While I don't have the corresponding histograms in the following post, I did captures of my 50% gray card with my lighting. I adjusted the lighting up/down until the peak in the histogram was perfectly centered on the back of my camera (I only had a single peak since the size of my gray card filled the frame). However, in software such as Lightroom, you can crop in to a particular part of the image representing the gray square to verify where it by itself will read on the histogram. Since your image contains lots of colors and the fabric in the background, it is a bit difficult to see if 50% gray is exactly at the middle. However, it does look good and I feel if any adjustments are needed, it would only be minor (perhaps 1/3 stop more exposure perhaps).
For reference, see the middle section of my post here: Camera and Lighting Experiements - Noise, Exposure, Color
02-24-2024 03:11 PM
Hi Ricky, as usual thank you so much. Please see the attached image with the 18% gray card (according to calibrite it's 18% not 50%, should I buy a 50% grey card?), is that how the histogram should appear? Also when you say 1/3 adjustment, sorry what do you mean? Do you mean adjustment in increments of 1-3 for either aperture, shutter speed and iso?
02-24-2024 03:40 PM
18% Reflectance and 50% (aka Middle) Gray are the same thing.
Thanks for the capture of the larger 50% swatch. Since it appears right in the middle of your histogram, all is well.
In terms of the "1/3 stop" I had mentioned, it was in terms of adjusting the exposure. If working with continuous light sources, that would mean adjusting one of the following: aperture, shutter speed, ISO. 1/3 of a stop is quite small and if you've set up your camera to adjust things in 1/3 stop increments, you'd be able to make those small adjustments. e.g. increasing ISO from 100 to 200 would be a full stop adjustment. But increasing ISO from 100 to 125 would be a 1/3 stop adjustment.

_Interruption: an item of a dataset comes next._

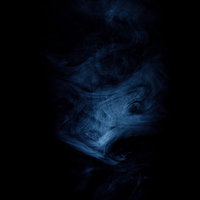 暗闇に立ち上る青いスモーク - 煙の粒子が光に浮かぶ抽象的背景の写真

If you're working with flash/strobes, then typically you fix your shutter speed at the camera's sync speed. So to adjust the exposure, you can then adjust one of the following: aperture, ISO or flash/strobe power. Technically adjusting flash power is the best (especially when having to increase exposure) since widening the aperture or raising ISO can also lead to more of the available light influencing the image.
02-24-2024 03:53 PM
Amazing, thank you so much Ricky! If I make changes to say the zoom, aperture, speed or ISO do I have to re-do the calibrate profile for color calibration?
02-24-2024 05:04 PM
You only need to capture an image of the color chart whenever lighting changes (not including flash power).
Examples: If you're using available light (e.g. light coming in from a window) and in the morning, it's a bright sunny day with no clouds. Capture an image with the color chart. If in the afternoon, it becomes a cloudy day, re-capture the color chart since the color temperature of the light from the outdoors is now different.
If using your own lighting though, and you set it up the same way each time, you really only need to capture the color chart once per session. If you move the light around, add a second light, remove a light, etc., then re-capturing a color chart is recommended.
02-24-2024 05:22 PM - edited 02-24-2024 05:22 PM
I see, brilliant thank you! One last question, I used the custom white balance setting to take a picture of the calibrite grey card and then used the settings from that to set a custom white balance. If I adjust the intensity of the light I'm using to get a brighter or darker picture for example do I then need to redo the white balance again or can I stick to the same one?
02-24-2024 05:44 PM
No. Simply adjusting the intensity of the light doesn't require adjusting the white balance.